*Your instructions:* Transcribe the entries below word for word, beginning at the line with "monomorphic ventricular tachycardia" and stopping after the line with "AVANT — Isabelle D."; drop all pictures.

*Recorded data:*

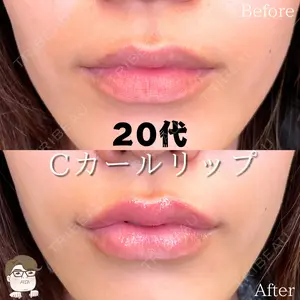 症例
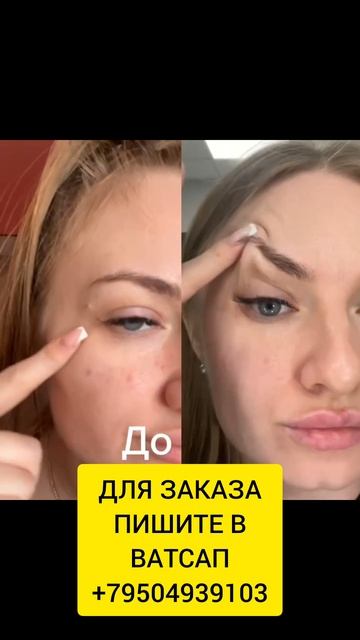 Уколы красоты не нужны, ведь есть коллаген. смотреть онлайн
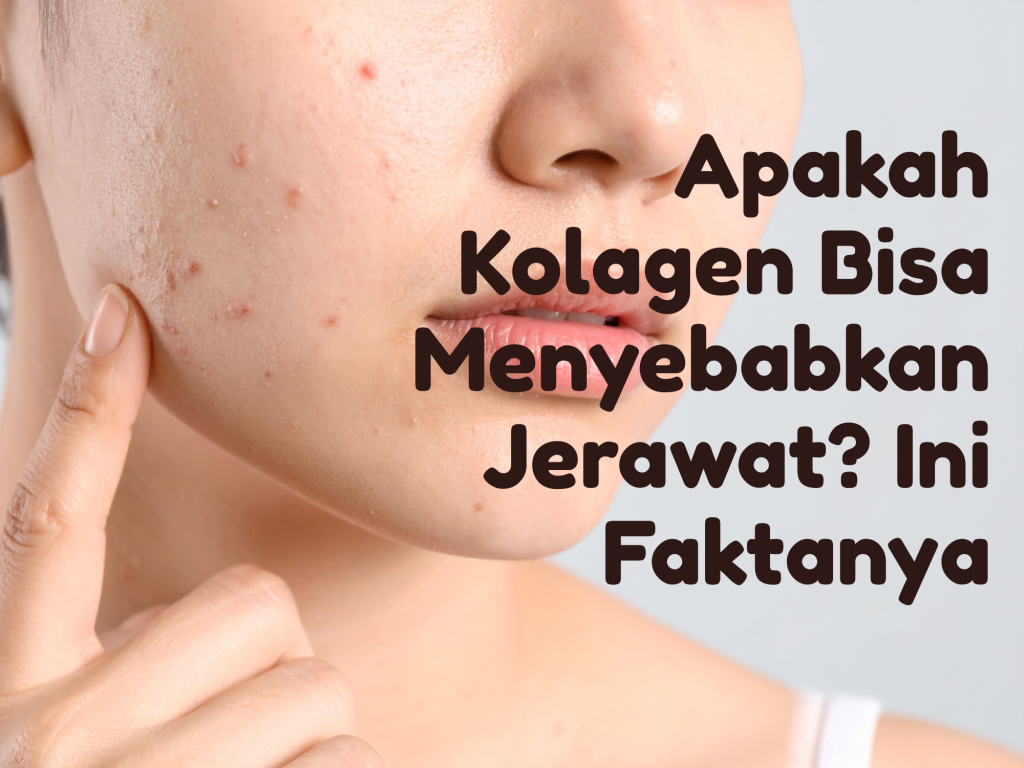 Apakah Kolagen Bisa Menyebabkan Jerawat? Ini Faktanya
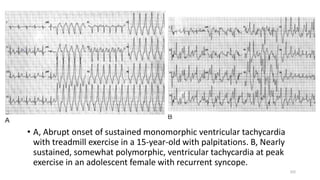 • A, Abrupt onset of sustained monomorphic ventricular tachycardia
with treadmill exercise in a 15-year-old with palpitations. B, Nearly
sustained, somewhat polymorphic, ventricular tachycardia at peak
exercise in an adolescent female with recurrent syncope.
102
 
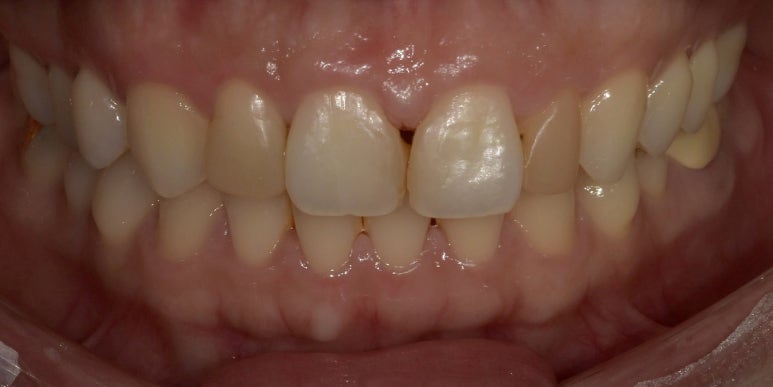 앞니레진수명, 얼마나 오래 사용할 수 있을까요? 관련 이미지 5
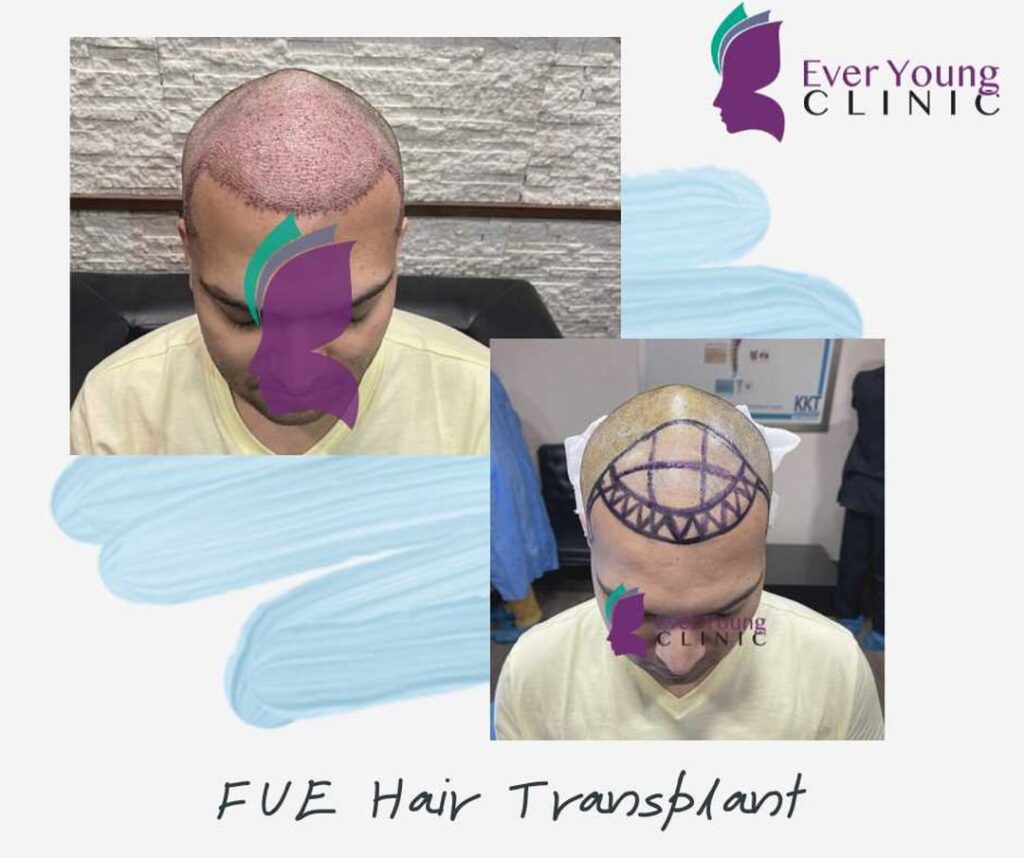Ever Young Hair Restoration Clinic – Dr. Wajeeha gallery photo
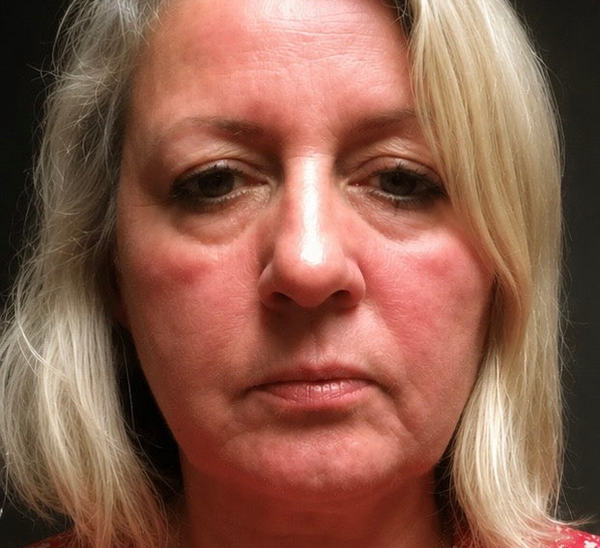AVANT — Isabelle D.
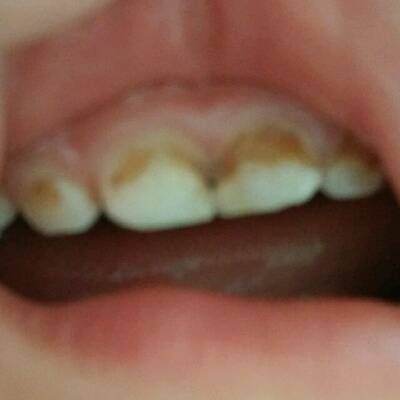 宝宝28个月,上面四颗牙齿坏了,看上去牙齿被腐蚀一层,怎麼办啊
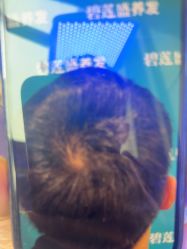 -碧莲盛·不剃发植发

*The completed task:*
 • A, Abrupt onset of sustained monomorphic ventricular tachycardia
with treadmill exercise in a 15-year-old with palpitations. B, Nearly
sustained, somewhat polymorphic, ventricular tachycardia at peak
exercise in an adolescent female with recurrent syncope.
102
 
 앞니레진수명, 얼마나 오래 사용할 수 있을까요? 관련 이미지 5
Ever Young Hair Restoration Clinic – Dr. Wajeeha gallery photo
AVANT — Isabelle D.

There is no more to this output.